On batcave01, execute the playbook to provision the instance (ignore the playbook for upgrading Copr packages). For the dev instance, refer to

https://docs.pagure.org/copr.copr/how_to_release_copr.html#upgrade-dev-machines

and for production, refer to

https://docs.pagure.org/copr.copr/how_to_release_copr.html#upgrade-production-machines

It’s possible that the playbook fails, but it typically isn’t crucial now. If provisioning at least reaches the end of the base role, revert the birthday=yes commit and proceed with the next steps.

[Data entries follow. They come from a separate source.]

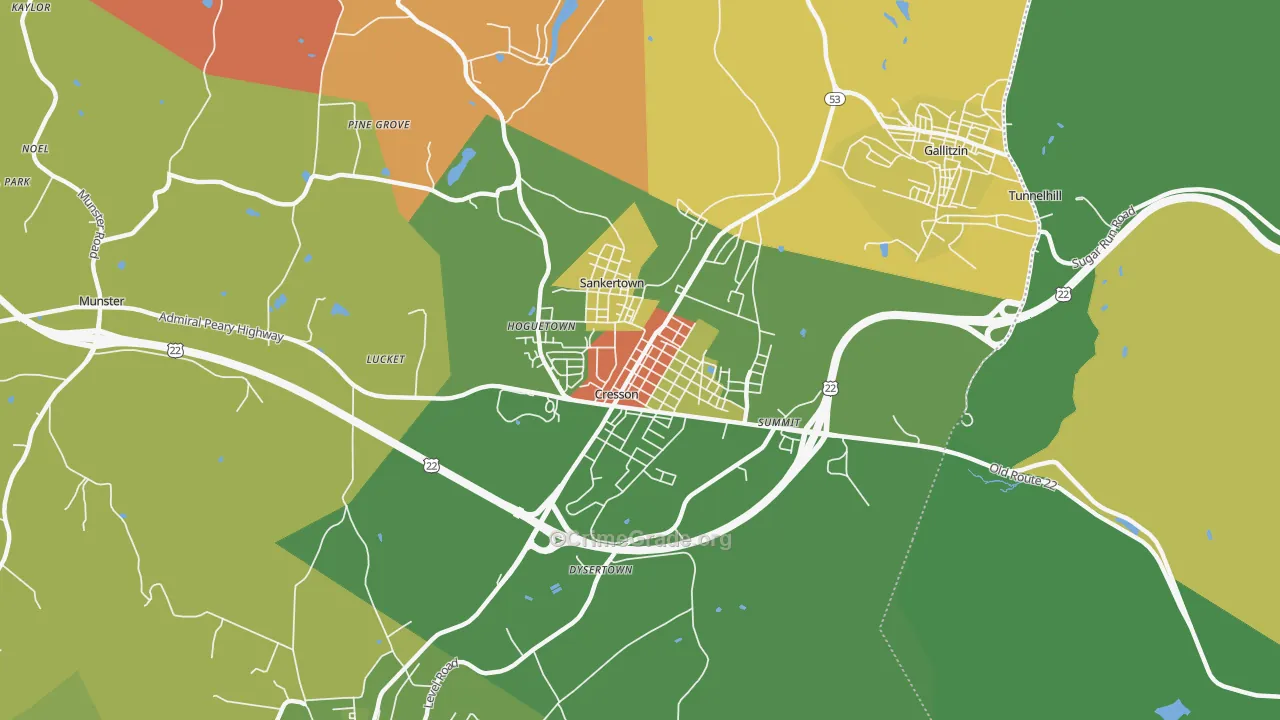 16630, PA Map of Theft Rates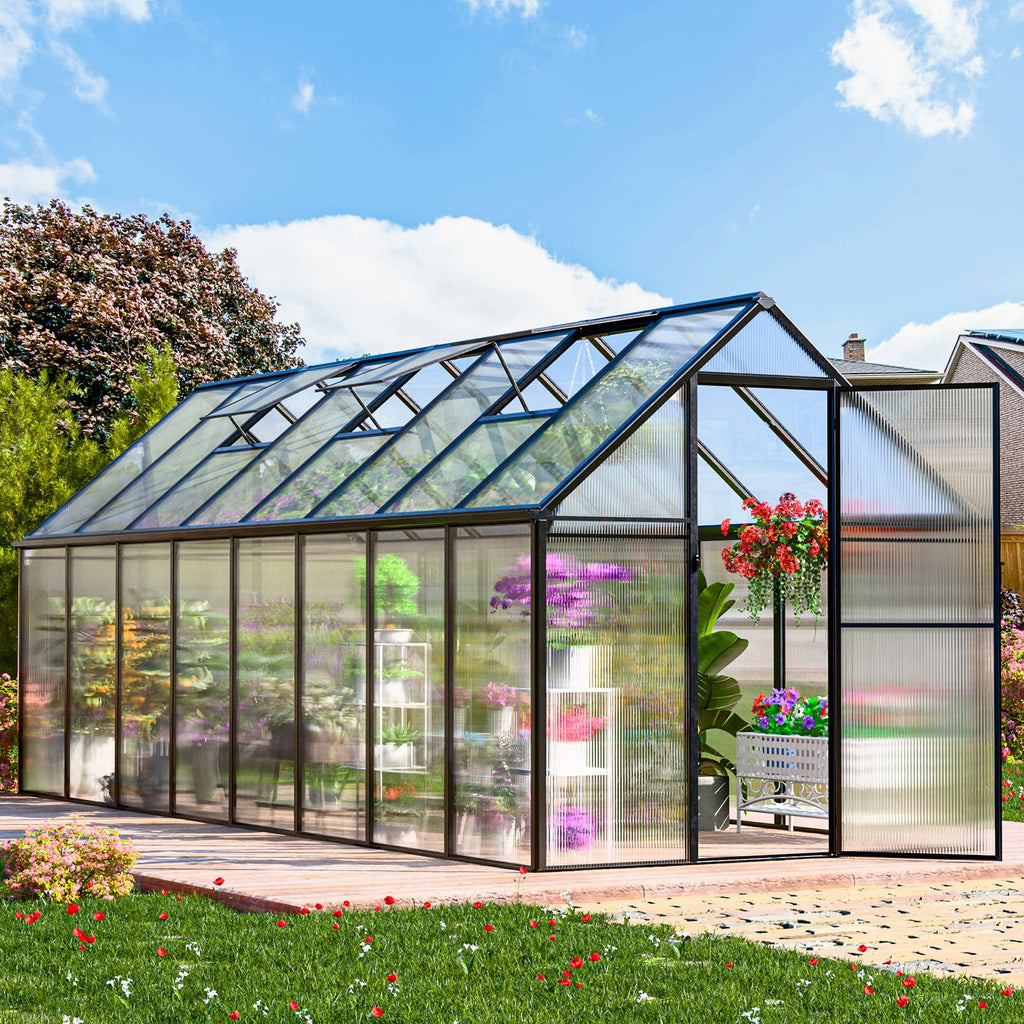 CDCASA 10x36 FT Greenhouse for Outdoors,Large Easy Assembly Thicker Aluminum Polycarbonate Greenhouses w/8 Windows, Double Door, Walk-in Green House for Outside,Patio,Backyard,Garden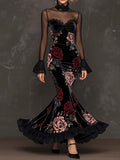 Black Velvet Rose Print Mesh Panel High Neck Mermaid Gown
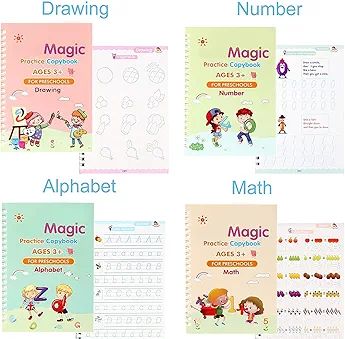 Magic Practice Copybook for Kids (3+) | Reusable Writing Book Set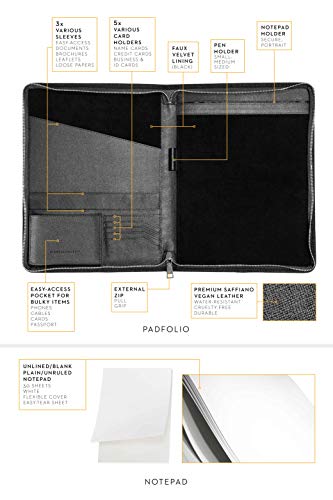 Carmel Concept Professional Padfolio In Vegan Leather. A Slim Portfolio Folder With Zip, Includes A Bonus White Unruled Notepad (Black) #TOP1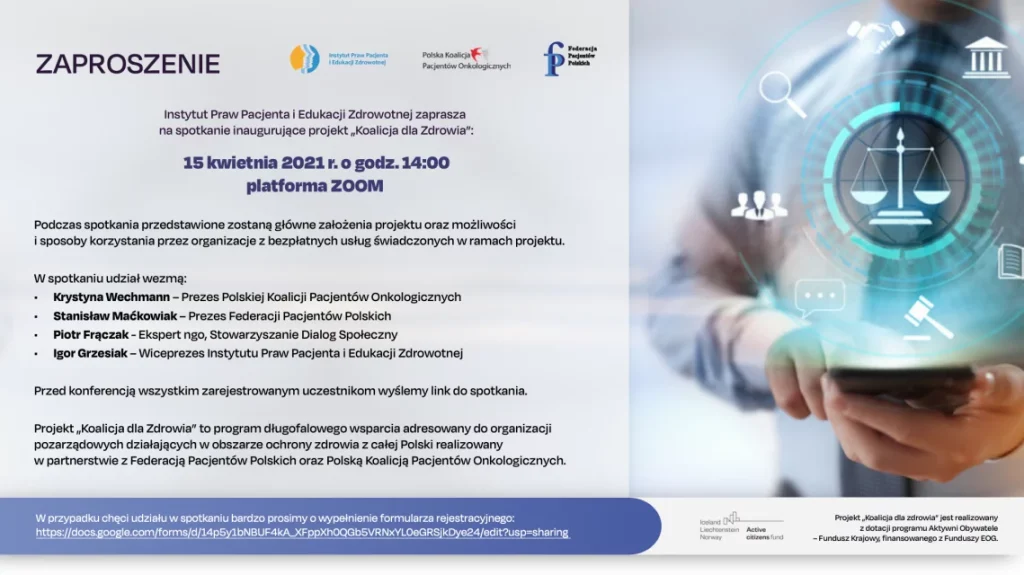 Plakat promocyjny - zaproszenie na konferencje "Koalicja dla zdrowia"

The playbooks above have not automatically updated the systems. If you prefer to start on Fedora N+2 with up-2-date set of packages, do the dnf update now (manual step over ssh).

Get it working

Rerun the playbook from the previous section again, with dropped configuration:

services_disabled: false

It should proceed with mounting data volumes but will likely not succeed. Now, you’ll need to debug and address the issues. If necessary, modify and rerun the playbook multiple times (ensuring lighttpd running on the new backend all the time).

Note

Frontend - You’ll likely need to manually upgrade the PostgreSQL database once you migrate to the new Fedora (new PG major version). Refer to Upgrade the database.

Post-upgrade

By this point, every Copr service should be operational.

It’s a good idea to test /usr/sbin/reboot now to debug potential boot issues during the outage window, as future reboots are likely to occur at the most inconvenient times.

Rename the instance names

Remove the -new name suffix from the new instances and add a -old suffix to the old instances. This playbook should be executed only once for all the infra instances:

$ opts=( -e copr_instance=dev )  # or prod
$ ansible-playbook play-vm-migration-03-rename-instances.yml "${opts[@]}"

Terminate the old instances

Once you no longer require the old VMs, you can terminate them using the Amazon web UI. You can do this immediately after the upgrade or wait a couple of days (e.g. to keep the DB /backups for a while just in case of any problems).

The old VMs are protected against accidental termination. To disable this option, click Actions, navigate to Instance settings and then to Change termination protection.

Final steps

See a specific document Fedora Copr outage announcements, the “resolved” section.